> EXERCISE DATA:
* * * * * * *
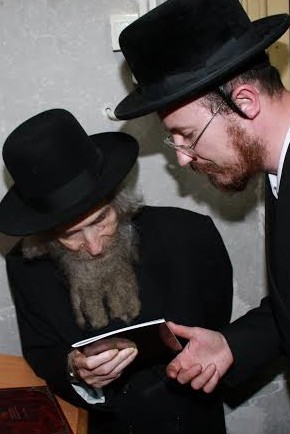 הרב וינד עם הגאון הרב שטיינמן 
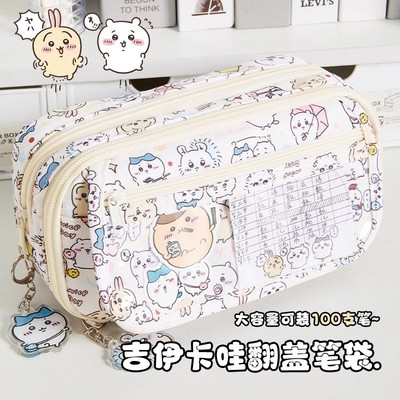 吉伊卡哇高颜值痛包笔袋2024新款女生小学生初中透明文具盒铅笔盒
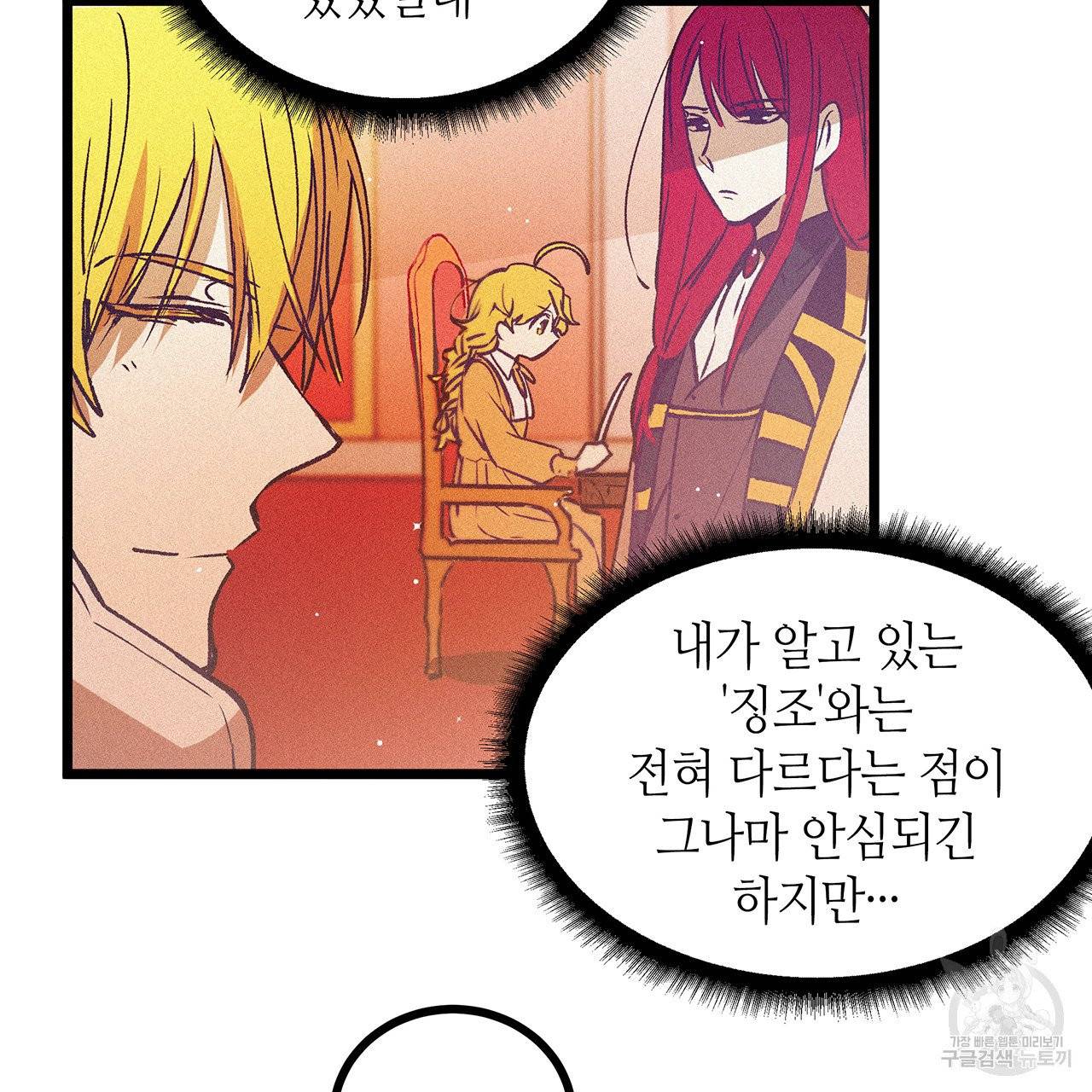 황제의 약혼녀로 산다는 것은 66화 29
* * * * * * *
The finished copy should match the data above word for word and contain no pictures.

> ANSWER BOX:
 הרב וינד עם הגאון הרב שטיינמן 
 吉伊卡哇高颜值痛包笔袋2024新款女生小学生初中透明文具盒铅笔盒
 황제의 약혼녀로 산다는 것은 66화 29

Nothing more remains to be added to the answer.